Les deux grandes effigies de 3m de haut monobloc, en bois barbouillé de bleu, taillées sommairement dans des troncs, dégagent dans le vaste espace de la galerie Thaddaeus Ropac une force primitive et rassurante comme les statues de l’île de Pâques ou certains totems des Arts premiers. Un Collodi pourrait-il animer ces sortes de poupées de bois ?
Ce sont des figures maladroites, presque inachevées, comme le sont souvent les grands portraits peints tête en bas qui ont fait la renommée de cet artiste germanique, Georg Baselitz, né en 1938, un figuratif dans l’abstraction allemande des années 80. On peut les trouver laids parce qu’à peine dégrossis. C’est le propre de l’Art brut, il dérange. Toutes deux sont assises, droites dans leurs bottes (des godillots noirs mal équarris, bien ancrés dans le réel) le coude droit appuyé sur le genou, la main sur l’oreille (à l’écoute ?) et couverts d’une casquette blanche, carrée, très germanique sur laquelle est inscrit ou étiqueté le mot « zéro », un mot qui questionne : ont-ils la tête vide? Est-ce l’origine de l’œuvre, le bois, qui est peu de chose?
A regarder de plus près, ces formes élémentaires gardent sur elles les traces brutales de la hache et de la scie qui les a façonnées. On ne les caresserait pas de peur de se faire mal. Du fait même qu’elles sont peu détaillées, leur phallus est d’autant plus provocateur et agressif. La couleur bleue, un bleu de Prusse délayé au blanc qui m’a paru doux et gai, passé, semble-t-il à la hâte comme de l’aquarelle, laisse voir le bois naturel, la chair du support. J’ai cru sentir dans ce détail une trace évidente de l’attachement personnel et sensible de Baselitz à l’arbre, à la forêt, cette puissance métaphorique propre à la culture allemande et qui résume toute l’histoire de son peuple. Le bleu ne fait pas qu’habiller ces êtres monumentaux, il couvre leur visage comme le charbon celui des mineurs remontant à la surface, aussi noir que leur combinaison et rempli de lassitude. Les géants de Baselitz, mélancoliques et contemplatifs, dont les yeux dégoulinent de blanc ont l’air de s’interroger sur le monde, cherchant pathétiquement appui.
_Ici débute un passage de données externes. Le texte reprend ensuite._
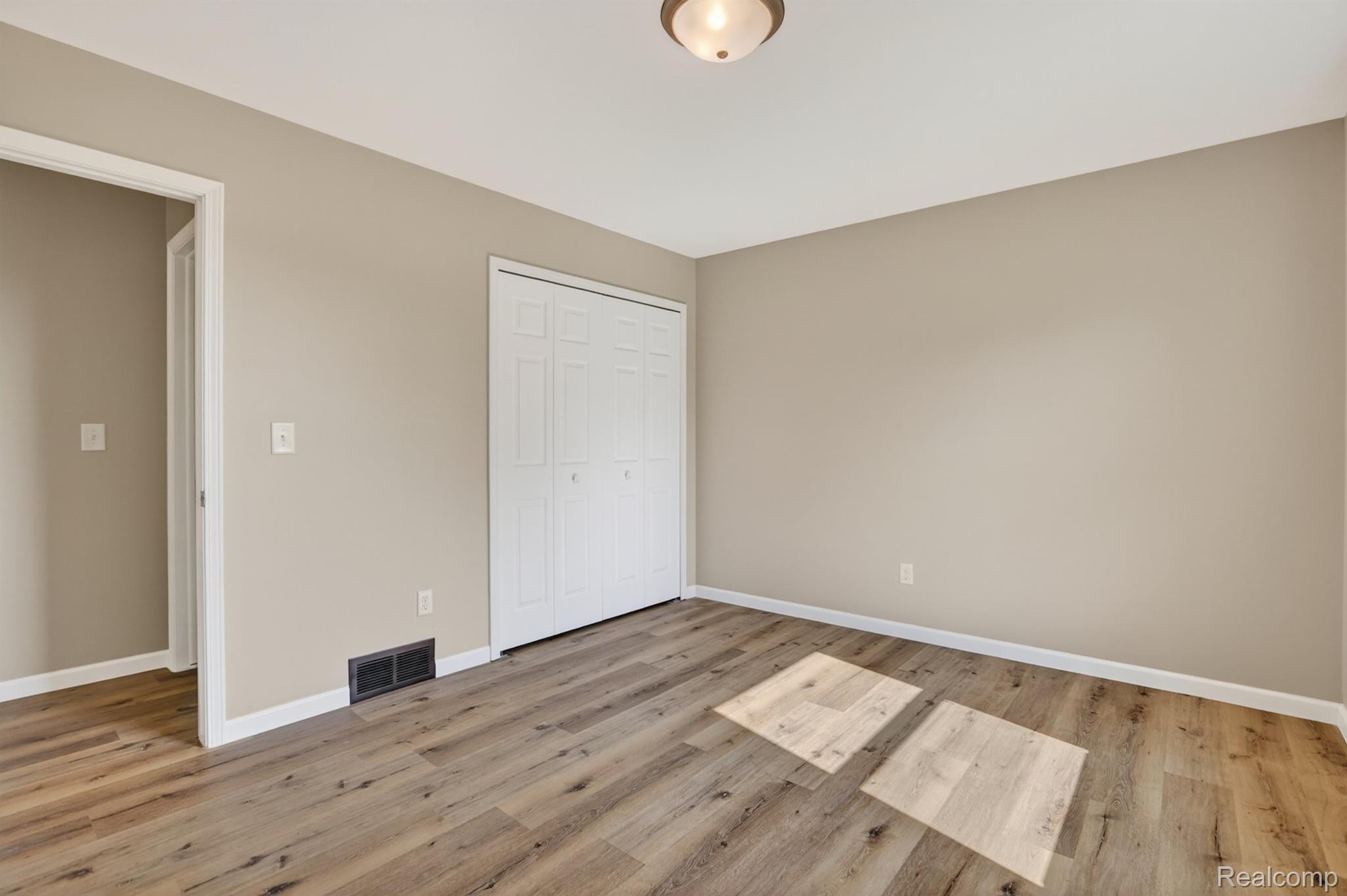 1215 North Oak Road Davison, MI 48423 - Photo 17 of 37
Ils pourraient bien symboliser une forme de négation de l’individu comme le mot « zéro » sur leur casquette (qui se réfère à une marque de matériel pour peintres en bâtiment qui a fait faillite) alors que leur taille colossale impose l’image presque aveuglante du fantôme de l’histoire.
Pinocchio, le pantin de Collodi est devenu un enfant après le dur apprentissage de la liberté ; les bonshommes en bois de Baselitz seraient-ils, l’image d’une Allemagne longtemps muselée…qui a encore soif de liberté ?
Georg Baselitz, sculptures monumentales, galerie Thaddaeus Ropac, 7 rue Debelleyme, 75003 Paris. Jusqu'au 29 mai.